Truth coming: Cavanagh case could provide black eye
An hour of reckoning is now approaching for the Fayette County legal system, with Michael J. Cavanagh’s filing of a federal civil rights suit against two adult probation officers, their supervisor, a judge and the county, arising from the apparent snatch-and-run tactics used to apprehend Cavanagh two years ago just so he could begin serving a short prison sentence for automobile insurance fraud. If events went down as Cavanagh has detailed, one or more people in the jurisprudential chain of command goofed up big time, and the legal outcome could give another black eye to a county already bruised and battered by such scandals. The financial penalty could also be hefty, which isn’t good news for the current county commissioners, any applicable insurance carrier or ultimately the taxpayers.
While the impending trial in federal court in Pittsburgh will putty in any knowledge gaps, such as who ordered what and when, no one has officially denied Cavanagh’s account of his apprehension. And that is that he agreed to meet the two adult probation officers in the parking lot of a well-traveled Morgantown, W.Va., retail center, to sign some papers pertaining to when he would report to the Fayette County Prison to start serving his sentence.

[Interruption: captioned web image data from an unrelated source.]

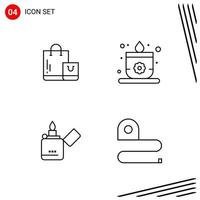 Collection of 4 Vector Icons in Line style. Pixle Perfect Outline Symbols for Web and Mobile. Line Icon Signs on White Background. 4 Icons.
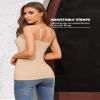 ATTRACO Cotton Camisoles for Women with Built in Bra Long Tank Tops Nude White S view 2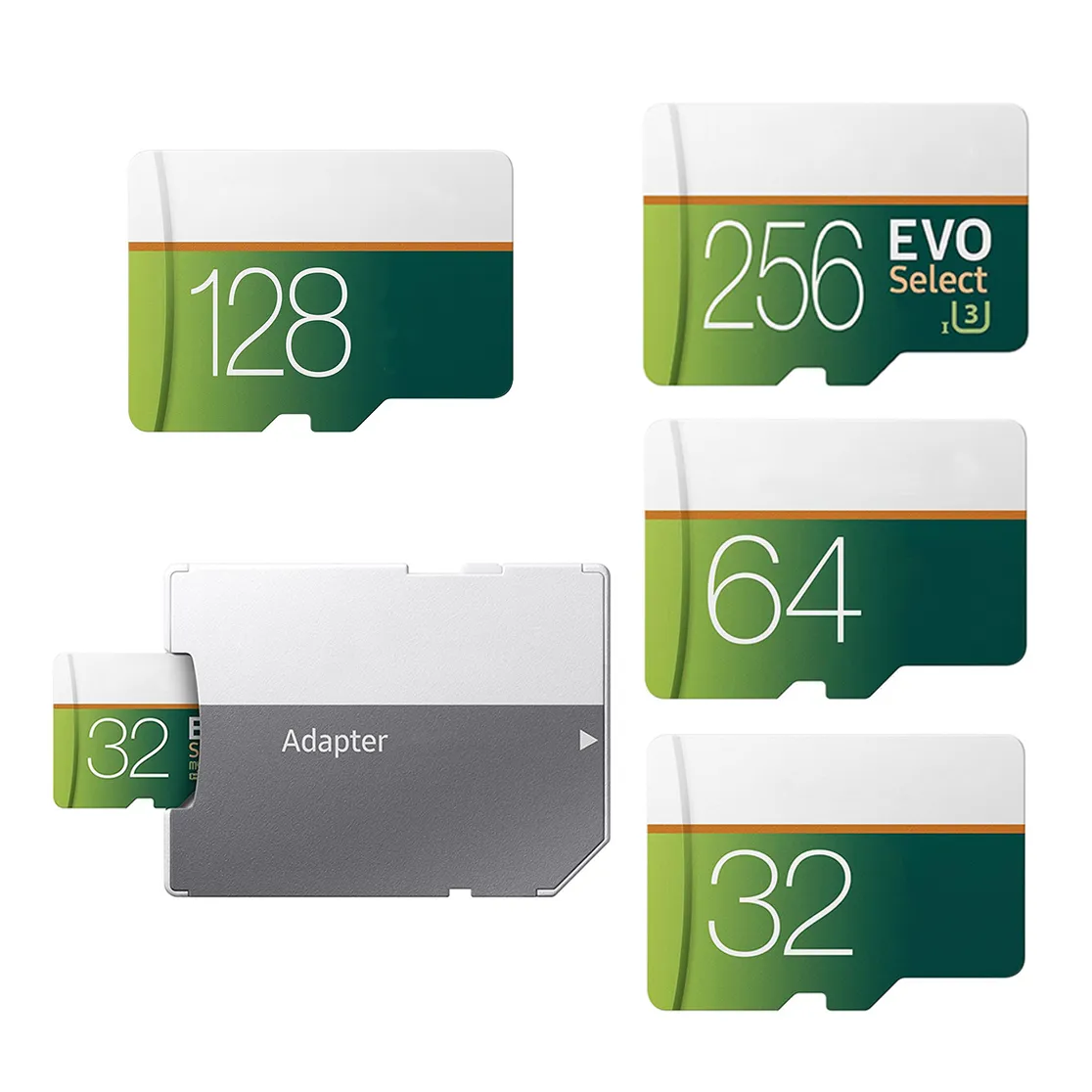 256 جيجابايت 128 جيجابايت 64GB 32GB 16GB EVO حدد الذاكرة TF Trans Flash Card U1 U3 عالية السرعة فئة 10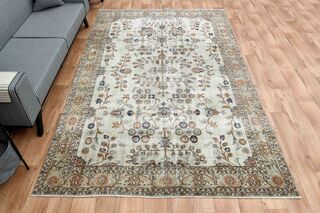 Beige Brown Vintage Turkish Area Rug - Thumbnail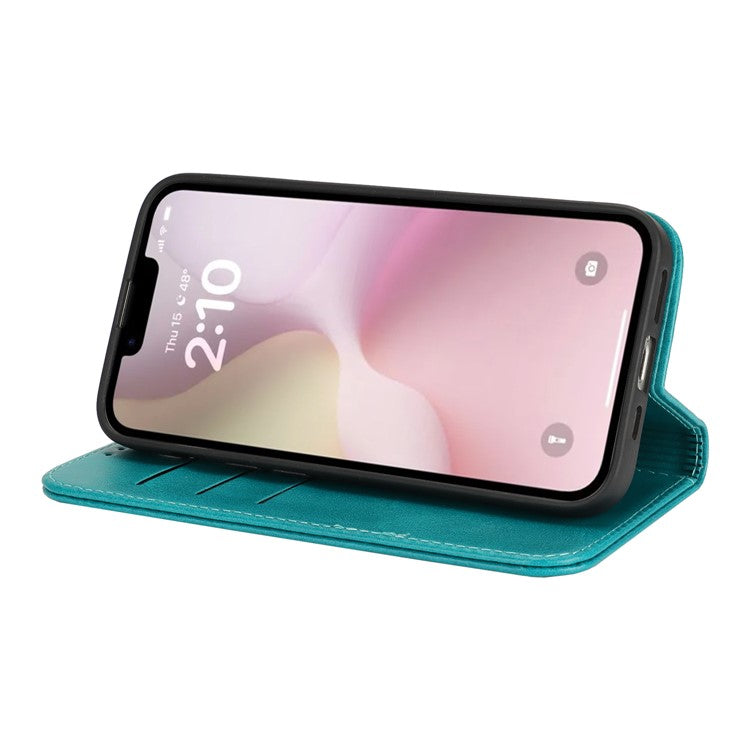 For iPhone 16e Case PU Leather Calf Textured Magnetic Closing Smart Phone Cover - Sky Blue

Instead, according to Cavanagh’s account, one of those officers tackled and injured him, he was muscled into the back of their caged vehicle, and he was driven straight to prison. If that account holds up in court, Cavanagh can probably start counting his money right now, because those officers had absolutely no jurisdiction in the state of West Virginia. If they did as Cavanagh says – and the circumstantial evidence appears pretty strong, because he got into prison somehow and no one’s denied his version of events – normal extradition procedures were utterly ignored.
The germane issue isn’t about whether or not you like Cavanagh, whether you feel he was framed or deserved his sentence, or whether you think the former state representative candidate gets in the news too often. It’s about whether the legal system overstepped its bounds, perhaps in an act of being overzealous, and basically trampled on the fundamental rights he was entitled to as a citizen.

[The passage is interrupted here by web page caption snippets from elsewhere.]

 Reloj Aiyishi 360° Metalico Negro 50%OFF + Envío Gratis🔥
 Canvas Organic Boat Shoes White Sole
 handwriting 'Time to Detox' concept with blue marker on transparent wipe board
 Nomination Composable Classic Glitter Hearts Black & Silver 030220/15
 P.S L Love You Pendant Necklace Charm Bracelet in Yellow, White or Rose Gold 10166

Think of it in reverse: When was the last time you heard of a West Virginia law enforcement officer, of any stripe or affiliation, venturing into Fayette County to shanghai someone back across the state border, for any reason? That stuff doesn’t happen in reverse because, plain and simple, it’s illegal. You have to go through a process, which involves letting officers in the host state do any snatching up of wanted persons, then holding an extradition hearing if needed.
Topping this all off is the fact that Cavanagh wasn’t hiding out 25 miles away, in some remote mountain enclave, in an attempt to duck the law. He had a business interest there but says he came home to Uniontown and to his wife every day. The whole thing seems to have been totally avoidable.
The cowboy mentality might make for some good cop movies. But in real life, playing Dirty Harry usually translates into some pretty messy consequences.